John Mack, standing next to his wife, Christie, made this remarkably candid and poignant comment about the need for regulation in the fall of 2009, just a month after Too Big to Fail was originally published. Mack had been sitting in the audience of a panel on the financial crisis on which I was appearing when he surprised the group by offering a viewpoint that was contrary to that of most of his peers, who had been lobbying against any serious reform.
Mack offered an anecdote about why Wall Street’s culture—and perhaps our global culture of risk taking—would make self-policing nearly impossible.
At the height of the economic boom, he recounted, he had turned down an opportunity to make a highly leveraged loan, which would have likely included enormous fees, out of fear that it would later blow up.
“I missed a piece of business,” he acknowledged. “I can live with that, but as soon as I hung up the phone someone else put up ten times leverage.”
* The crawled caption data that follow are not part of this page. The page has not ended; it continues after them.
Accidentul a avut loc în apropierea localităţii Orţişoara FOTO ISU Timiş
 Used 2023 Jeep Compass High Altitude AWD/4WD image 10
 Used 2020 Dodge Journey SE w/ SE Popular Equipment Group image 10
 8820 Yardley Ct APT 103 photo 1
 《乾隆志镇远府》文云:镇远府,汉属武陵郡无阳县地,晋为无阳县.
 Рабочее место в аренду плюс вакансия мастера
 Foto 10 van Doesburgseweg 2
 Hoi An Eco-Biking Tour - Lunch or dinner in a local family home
It is the ultimate truism: In the race for profits on Wall Street and elsewhere—and perhaps more important, as a matter of personal pride—someone is always willing to stick his neck out just a little farther than the next guy.
While that sort of heedless risk-taking has led to lucrative returns for many financiers in recent decades, the vulnerabilities in the financial system that have been exposed by the crisis must at some point lead to an accounting—not only of the practices that have become common on Wall Street but of the principles that underlie them. As Harvard’s Elizabeth Warren, chair of the Congressional Oversight Panel, has observed, “This generation of Wall Street CEOs could be the ones to forfeit America’s trust. When the history of the Great Recession is written, they can be singled out as the bonus babies who were so shortsighted that they put the economy at risk and contributed to the destruction of their own companies. Or they can acknowledge how Americans’ trust has been lost and take the first steps to earn it back.”